WHAT NEEDS TO BE DONE: Every line in the records below with the string "Shoes" is to be copied out.

● ● ● ●

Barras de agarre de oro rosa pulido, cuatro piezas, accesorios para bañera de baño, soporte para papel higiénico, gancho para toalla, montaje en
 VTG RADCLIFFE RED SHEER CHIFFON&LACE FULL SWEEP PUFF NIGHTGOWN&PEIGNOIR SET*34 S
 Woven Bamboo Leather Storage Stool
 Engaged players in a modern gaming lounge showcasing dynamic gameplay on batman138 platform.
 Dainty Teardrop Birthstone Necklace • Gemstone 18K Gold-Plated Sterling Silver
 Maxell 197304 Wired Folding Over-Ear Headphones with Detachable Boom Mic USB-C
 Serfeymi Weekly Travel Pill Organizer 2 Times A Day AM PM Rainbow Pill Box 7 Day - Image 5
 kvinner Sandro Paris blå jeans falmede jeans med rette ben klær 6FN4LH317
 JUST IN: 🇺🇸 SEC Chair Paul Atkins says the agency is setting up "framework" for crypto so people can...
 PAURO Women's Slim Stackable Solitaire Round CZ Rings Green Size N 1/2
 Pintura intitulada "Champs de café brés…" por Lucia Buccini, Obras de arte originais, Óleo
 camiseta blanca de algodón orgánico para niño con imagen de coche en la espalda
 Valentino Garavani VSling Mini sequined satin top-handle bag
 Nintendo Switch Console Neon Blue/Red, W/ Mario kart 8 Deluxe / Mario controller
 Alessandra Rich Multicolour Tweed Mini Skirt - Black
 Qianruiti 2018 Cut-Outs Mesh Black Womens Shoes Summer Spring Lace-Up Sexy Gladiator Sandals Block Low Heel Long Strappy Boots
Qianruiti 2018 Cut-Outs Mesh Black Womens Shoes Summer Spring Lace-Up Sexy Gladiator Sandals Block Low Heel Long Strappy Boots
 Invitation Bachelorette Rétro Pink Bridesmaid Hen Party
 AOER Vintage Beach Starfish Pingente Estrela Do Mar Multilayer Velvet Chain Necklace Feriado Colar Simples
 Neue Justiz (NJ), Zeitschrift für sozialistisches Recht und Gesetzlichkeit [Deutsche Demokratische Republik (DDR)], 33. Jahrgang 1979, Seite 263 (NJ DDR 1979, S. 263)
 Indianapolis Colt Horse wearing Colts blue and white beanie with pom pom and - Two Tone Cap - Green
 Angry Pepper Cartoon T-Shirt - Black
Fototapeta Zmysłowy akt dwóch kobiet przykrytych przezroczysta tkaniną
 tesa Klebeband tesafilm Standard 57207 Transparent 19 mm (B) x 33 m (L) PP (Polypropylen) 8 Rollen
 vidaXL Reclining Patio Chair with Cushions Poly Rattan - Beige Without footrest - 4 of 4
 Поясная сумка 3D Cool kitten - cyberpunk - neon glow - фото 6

● ● ● ●

RESULT OF THE TASK:
 Qianruiti 2018 Cut-Outs Mesh Black Womens Shoes Summer Spring Lace-Up Sexy Gladiator Sandals Block Low Heel Long Strappy Boots
Qianruiti 2018 Cut-Outs Mesh Black Womens Shoes Summer Spring Lace-Up Sexy Gladiator Sandals Block Low Heel Long Strappy Boots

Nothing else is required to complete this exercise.